* [About this task] Return the data below unaltered, but strip out the pictures.

* [Information provided]
◆ ◆ ◆ ◆

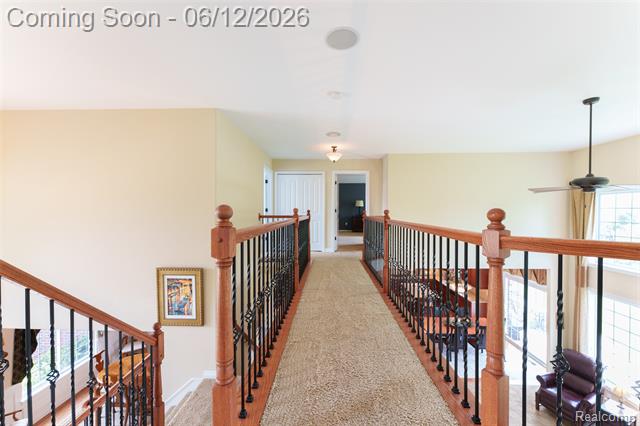 Builiding view twenty five for 24455 Glenwood, South Lyon, MI. 48178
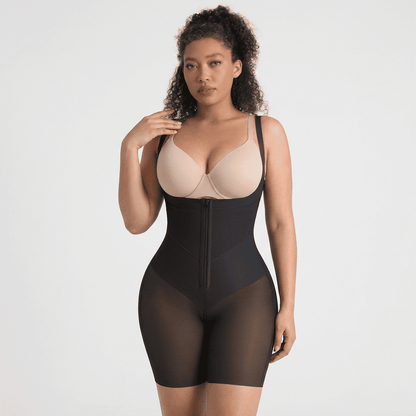 Short Sculptant — Compression Extra Forte - CURVILINES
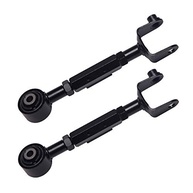 Braço de Controle Ajustável Traseiro Superior para Honda CR-V e Element | Par K90489 - imagem 2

◆ ◆ ◆ ◆

* [Written answer]
 Builiding view twenty five for 24455 Glenwood, South Lyon, MI. 48178
 Short Sculptant — Compression Extra Forte - CURVILINES
 Braço de Controle Ajustável Traseiro Superior para Honda CR-V e Element | Par K90489 - imagem 2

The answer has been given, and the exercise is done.